La Jungle Libérée de Wifredo Lam

Wifredo Lam vit en Espagne de 1923 à 1938. Il se sent proche de la révolte sociale de Goya et participe à la guerre d'Espagne. Entre la défaite des Républicains et la défaite de la France en juin 1940, il est à Paris où il s'approprie l'intense désir de liberté et de poésie des avant-gardes artistiques.  Picasso, qui n'aimait pourtant pas avoir des rivaux, approuve ouvertement le jeune artiste.

Il décide alors de rentrer dans son île natale, Cuba. Il fait escale à Fort-de-France où sa rencontre avec Aimé Césaire renforce son rejet du colonialisme et de l'esclavage.

Le Cubain athée aux ascendances Chinoises, Congolaises et Espagnoles peindra désormais la liberté du Tiers-Monde. Il met en scène son univers surréaliste personnel dans une jungle touffue qu'il peuple avec des dieux à la morphologie étrange. La Jungla, gouache 240 x 230 cm peinte en 1943, dissimule quatre êtres déshumanisés dans un dense réseau de cannes à sucre.

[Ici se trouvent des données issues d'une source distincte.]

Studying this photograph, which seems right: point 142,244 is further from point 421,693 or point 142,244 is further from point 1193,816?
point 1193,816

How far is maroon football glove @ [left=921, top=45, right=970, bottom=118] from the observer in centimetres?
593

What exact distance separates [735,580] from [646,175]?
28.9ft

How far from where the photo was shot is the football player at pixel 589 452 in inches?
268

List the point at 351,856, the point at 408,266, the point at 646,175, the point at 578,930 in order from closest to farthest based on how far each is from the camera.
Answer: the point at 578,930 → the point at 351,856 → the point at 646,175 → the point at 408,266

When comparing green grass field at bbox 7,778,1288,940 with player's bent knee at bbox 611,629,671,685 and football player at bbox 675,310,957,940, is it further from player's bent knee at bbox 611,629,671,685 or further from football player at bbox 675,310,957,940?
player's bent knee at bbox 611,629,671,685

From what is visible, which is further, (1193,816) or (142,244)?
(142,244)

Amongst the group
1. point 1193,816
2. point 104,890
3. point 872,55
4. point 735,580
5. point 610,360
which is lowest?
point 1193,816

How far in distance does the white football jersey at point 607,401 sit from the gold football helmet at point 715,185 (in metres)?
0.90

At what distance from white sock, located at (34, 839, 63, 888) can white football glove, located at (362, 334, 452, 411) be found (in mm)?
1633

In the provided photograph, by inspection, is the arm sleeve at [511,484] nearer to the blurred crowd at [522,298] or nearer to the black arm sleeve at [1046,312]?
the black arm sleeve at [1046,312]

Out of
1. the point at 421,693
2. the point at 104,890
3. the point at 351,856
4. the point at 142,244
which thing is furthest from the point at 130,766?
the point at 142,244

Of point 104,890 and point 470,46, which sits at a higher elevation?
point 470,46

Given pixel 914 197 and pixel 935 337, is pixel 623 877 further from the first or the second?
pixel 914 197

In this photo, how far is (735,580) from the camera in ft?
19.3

Le 29 juin à New York, Sotheby's vend Omi Obini, huile sur toile 183 x 125 cm peinte également en 1943, lot 1008 estimé $ 8M. Le titre désigne la déesse Yoruba de l'eau chargée de fertiliser la terre. La lisibilité n'est pas immédiate, marquant l'influence du cubisme analytique ou du futurisme.

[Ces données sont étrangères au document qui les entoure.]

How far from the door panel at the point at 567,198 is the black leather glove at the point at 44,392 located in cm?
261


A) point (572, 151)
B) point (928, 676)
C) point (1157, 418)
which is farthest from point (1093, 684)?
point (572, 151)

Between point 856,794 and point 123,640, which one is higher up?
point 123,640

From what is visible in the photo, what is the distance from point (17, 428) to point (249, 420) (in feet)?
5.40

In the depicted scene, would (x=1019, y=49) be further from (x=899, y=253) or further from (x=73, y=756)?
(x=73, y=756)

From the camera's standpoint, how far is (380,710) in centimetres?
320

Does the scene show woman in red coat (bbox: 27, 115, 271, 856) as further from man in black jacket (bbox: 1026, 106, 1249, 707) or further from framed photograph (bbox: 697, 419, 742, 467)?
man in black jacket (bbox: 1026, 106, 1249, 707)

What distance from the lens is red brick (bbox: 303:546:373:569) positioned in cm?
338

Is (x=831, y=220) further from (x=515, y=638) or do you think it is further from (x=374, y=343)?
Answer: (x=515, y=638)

Dans la jungle colorée, quelques zones plus pâles apparaissent, constituant une forme humanoïde éthérée. La tête est un croissant de lune et on ne saura pas si la figure du premier plan est un animal familier ou une chaise. Deux petits fruits ont chacun une paire d'yeux qui sont des menaces ou des reflets.